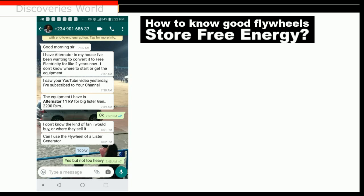My subscriber sent me a WhatsApp message about an issue that is very important. He asked a question: 'Good morning sir, I have an alternator in my house. I have been waiting to convert it to a free energy system for like two years now. I don't know where to start or get the equipment.' When you want to get the equipment in the market, if you are in Alaba market you can get it there — you're looking for the electric motor, the flywheel, and the alternator.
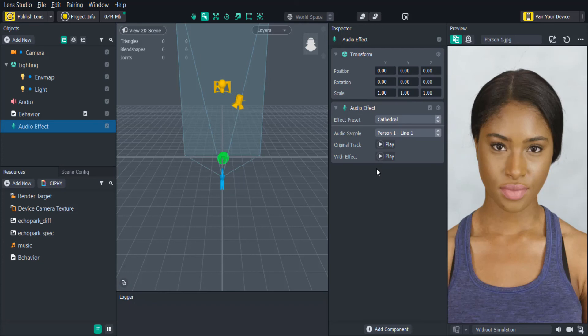Adding audio can really add some extra immersion to your lenses and give your users a more fun, interactive experience.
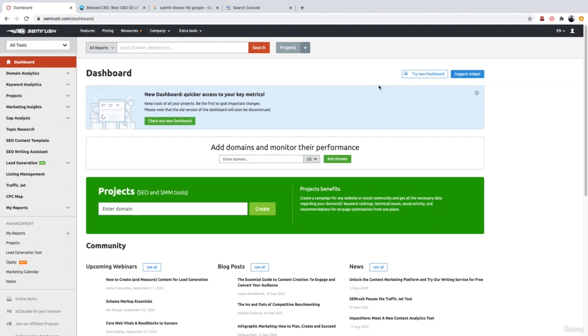I've just showed you how to identify both types of spammy link building. The next step is defending your website from these spammy links. The first protocol would be to reach out to all of the websites and ask them to remove those backlinks. If they don't, then your best bet is going to be disavowing those backlinks.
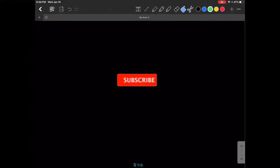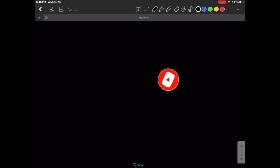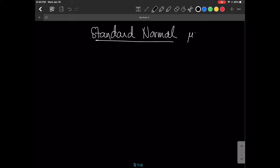In this video, we are going to find the area between two Z values. The distribution we're considering is the standard normal distribution — the distribution where mu is 0 and sigma is 1. The standard deviation is 1, the mean is 0. So that's the kind of normal distribution that we're looking at.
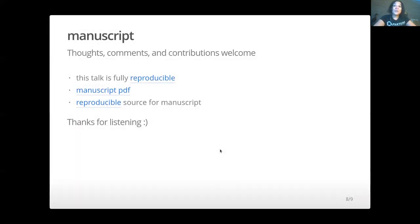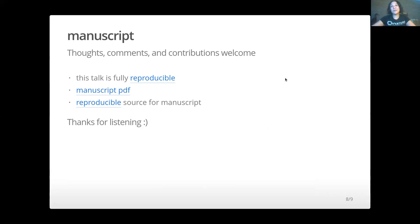This talk is reproducible, and there's a manuscript associated with reproducible source. Thank you very much for listening — do get in touch if you have any questions, comments, or suggestions.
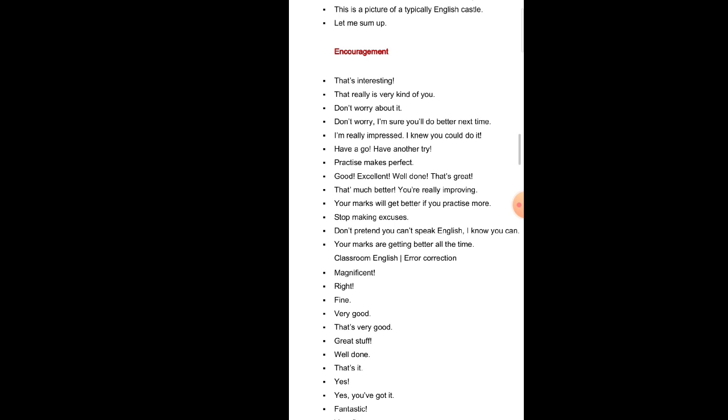Encouragement: That's interesting. That really is very kind of you. Don't worry about you. Don't worry. I am sure you will do better next time. I am really impressed. I knew you could do it. Have a go. Have another try. Practice makes perfect. Good. Excellent. Well done. That's great. That's much better. You are really improving. Your marks will get better if you practice more. Stop making excuses. Don't pretend you can't speak English. I know you can. Your marks are getting better all the time.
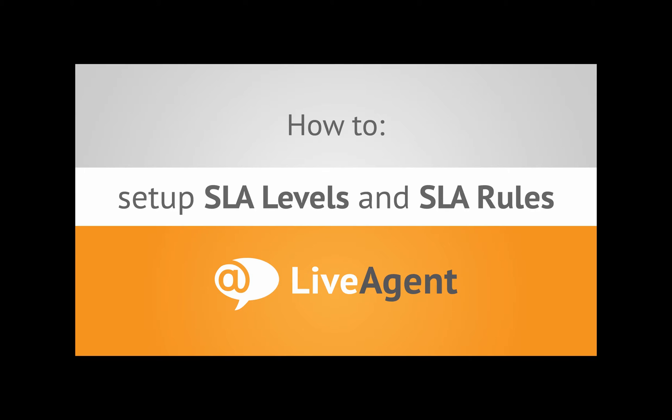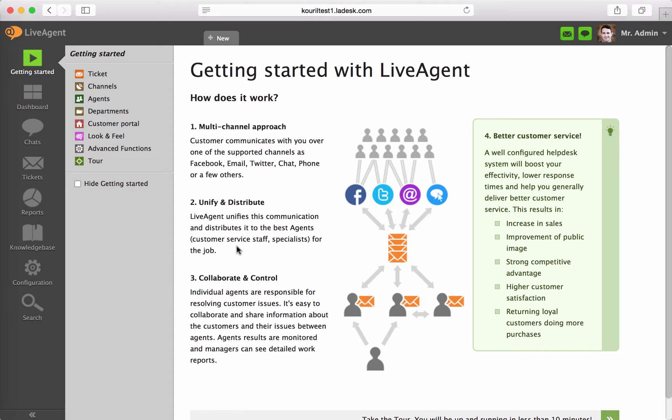Hello everybody. In this video tutorial, I will show you how to set up SLA levels and SLA rules in LiveAgent. Our example case will assign an SLA with first answer due 1 hour and next answer due 30 minutes to all new tickets that are marked with a tag urgent.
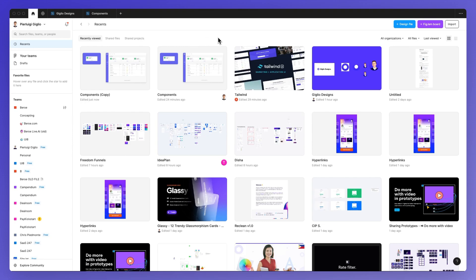That's it for this video. Hope it was helpful, and if you want to learn Figma for free or access the free resources we've created at Giglio Designs, feel free to check out the link in the description and I'll see you in the next video.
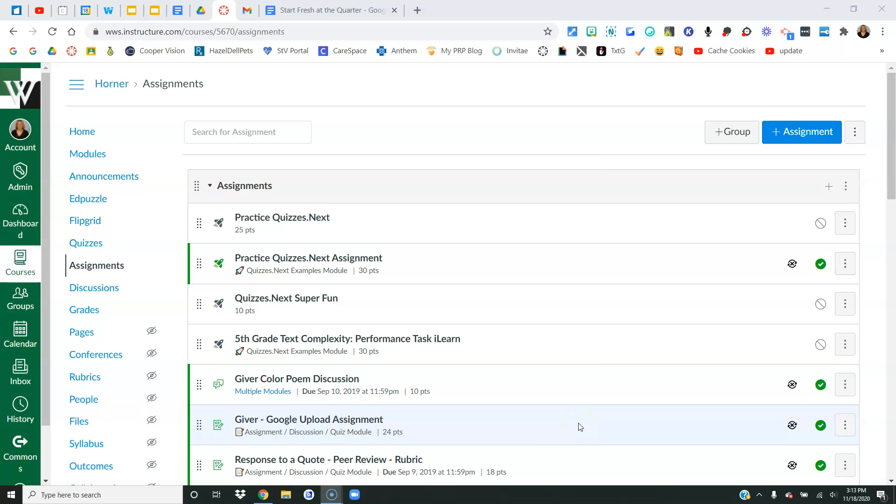Hi everyone! This video is for teachers who have year-long Canvas courses and want to try to somehow keep their Canvas course uncluttered from the different quarters. So it's the beginning of a new quarter, either quarter two, three, or four, and you want to kind of clear out the previous quarter's information.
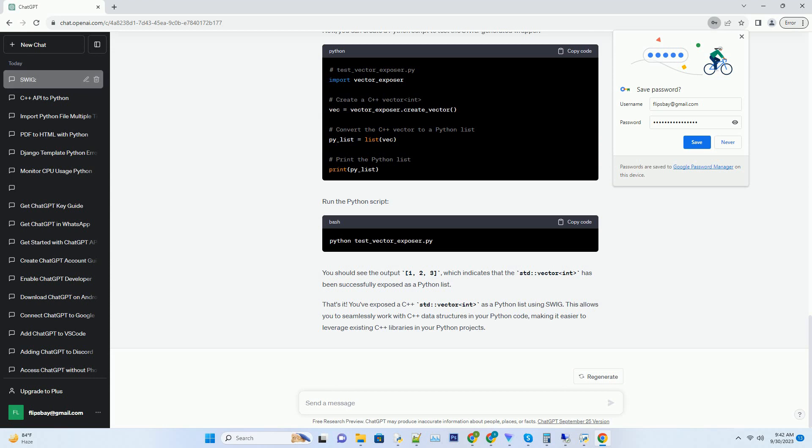SWIG - install SWIG on your system. You can download it from SWIG's official website. Python - ensure you have Python installed. SWIG supports both Python 2 and Python 3.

※ ※ ※

Reproduce, without alteration and without pictures, only those lines that lie between the first line of the entries above and the line containing "Adding audio can", both of them included.

My subscriber sent me a WhatsApp message about an issue that is very important. He asked a question: 'Good morning sir, I have an alternator in my house. I have been waiting to convert it to a free energy system for like two years now. I don't know where to start or get the equipment.' When you want to get the equipment in the market, if you are in Alaba market you can get it there — you're looking for the electric motor, the flywheel, and the alternator.
Adding audio can really add some extra immersion to your lenses and give your users a more fun, interactive experience.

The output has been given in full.